The chaos of the United States’ withdrawal from Afghanistan has resulted in some of the most negative news coverage of Joe Biden’s seven-month-old presidency. Chuck Todd, the moderator of NBC’s Meet the Press, said the Taliban’s return to power is “likely to haunt Mr. Biden’s legacy.” The Washington journalist and insider Mike Allen called the situation an “embarrassment” for Biden. As Eric Levitz noted in New York magazine, the withdrawal “has been a ‘disastrous’ and ‘humiliating’ ‘fiasco,’ in the words of the mainstream media’s ostensibly objective foreign-policy journalists.”
Now those assessments are triggering public arguments among U.S. journalists, pundits, and political figures about the media itself—and specifically the way it covered the American interventions in Afghanistan and Iraq over the past two decades. “The one-sided coverage of the military withdrawal from Afghanistan mirrors the mistakes made in the run-up to the Iraq War,” the progressive analyst Judd Legum wrote in a piece on the “media’s systemic failure.” But what is the problem, exactly, and what role has it played in the way Americans have understood U.S. engagement around the globe?

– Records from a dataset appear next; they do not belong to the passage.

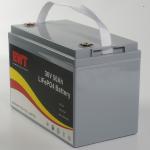 36V 50AH LiFePO4 Battery Pack Mobile Recreational Vehicle Power Supply for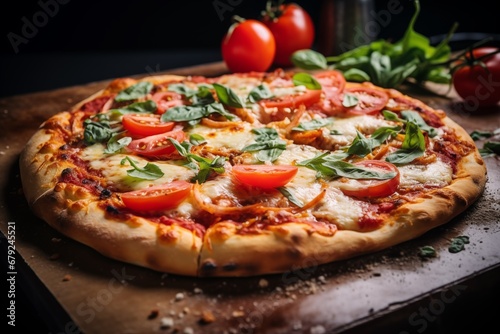 A Classic Italian Pizza Fresh from the Oven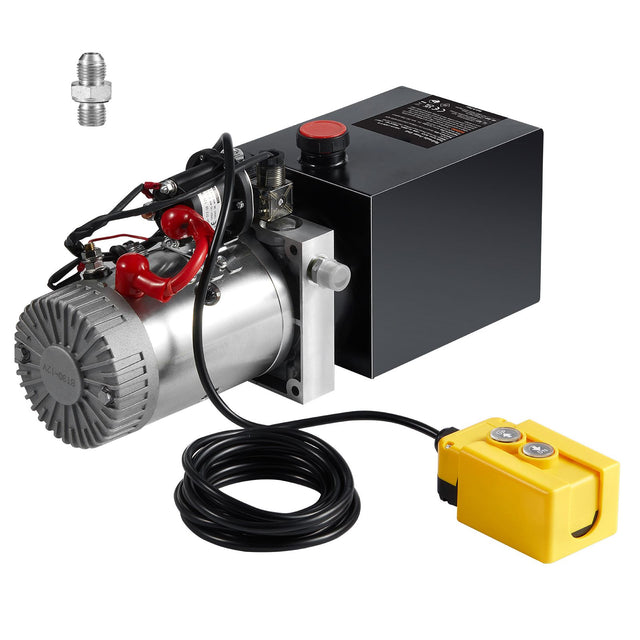 Hydraulic Pump 4 Quart Single 0 91 3200 12V Pump Dump Trailer Car Lifting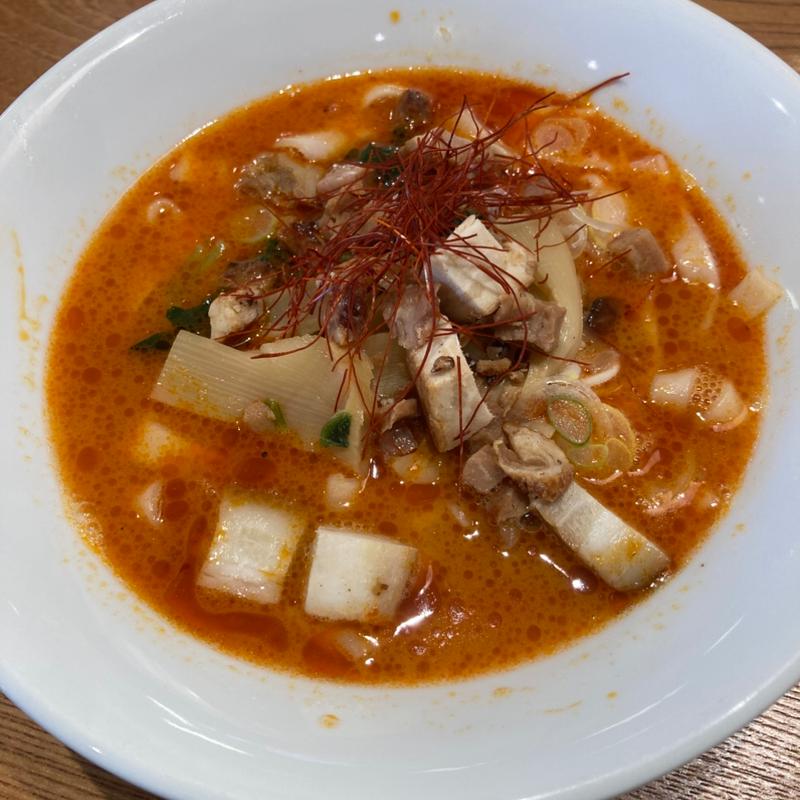 ほうとう担々麺(旅の駅 kawaguchiko base)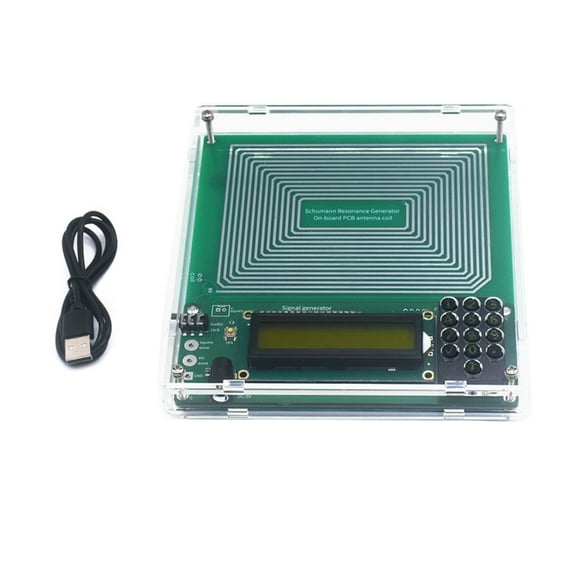 T-HOTLYST DC5V 7.83Hz Schumann Generator 0.01-30000Hz Resonator Sound Frequency Machine for Computers and Offices Durability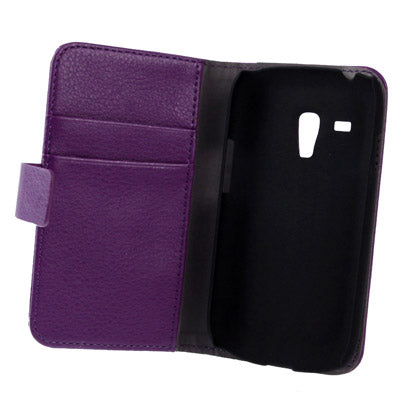 Litchi Texture  Leather Case Cover with Credit Card Slots & Holder for Galaxy SIII mini / i8190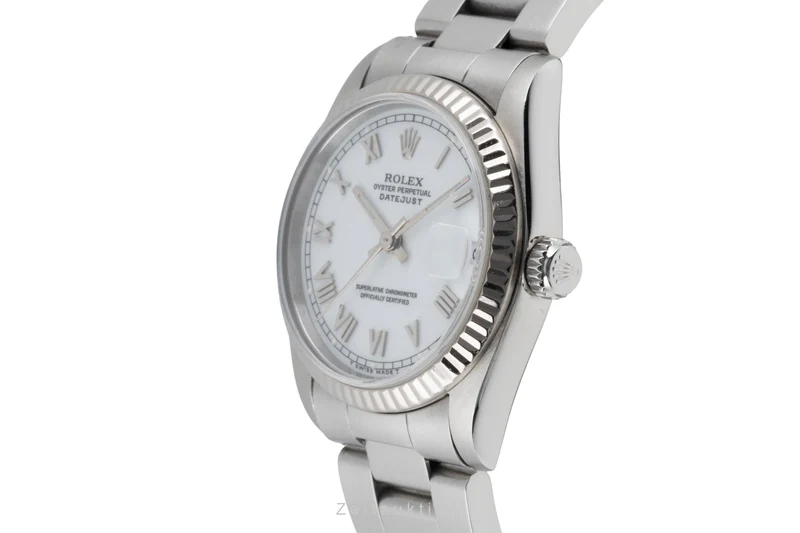Rolex Datejust steel / white gold automatic men's watch 68274 [2506417]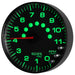 AutoMeter P239328 GAUGE; TACHOMETER; 5in.; 11K RPM; W/SHIFT LIGHT/PEAK MEM; BLACK/BLACK; SPEK-PRO - Truck Part Superstore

Robert Wright is an American journalist and the author of the Nonzero Newsletter. Wright says there tends to be “a kind of informal filtering process” among prominent U.S. analysts of global affairs. These experts as generally supportive of an establishment foreign-policy consensus favoring U.S. intervention in other countries, despite the patterns of repeated failure in American interventions abroad since World War II. The media frequently draws on the expertise of think tanks, some of which receive funding from weapons manufacturers and other interested parties hoping to shape discussion and debate. There’s also a constant temptation for the press to inflate threats to the U.S. as a means of attracting viewers and readers, especially since “there’s not inherently a big audience in America for foreign-policy discourse.” Even legitimate coverage of human suffering can promote intervention if it lacks analysis of potentially harmful consequences.
There’s a potential for change in the media, Wright says, as Americans reflect on the experience of Afghanistan, but the establishment consensus—the worldview of what he and other critics call “the Blob”—has proved resilient for decades …
Graham Vyse: What has the coverage of the U.S. withdrawal from Afghanistan revealed to you—or reminded you—about how the media conditions Americans’ understanding of their country’s foreign policy?
Robert Wright: One factor that’s kind of peculiar to this case is that a lot of journalists and commentators have spent time in Afghanistan over the last 20 years and knew people there. Some of them employed people there. They naturally had a strong reaction to the prospect that friends and former colleagues would be stranded in Afghanistan and forced to live under a brutal regime. That colored the coverage of the chaotic evacuation.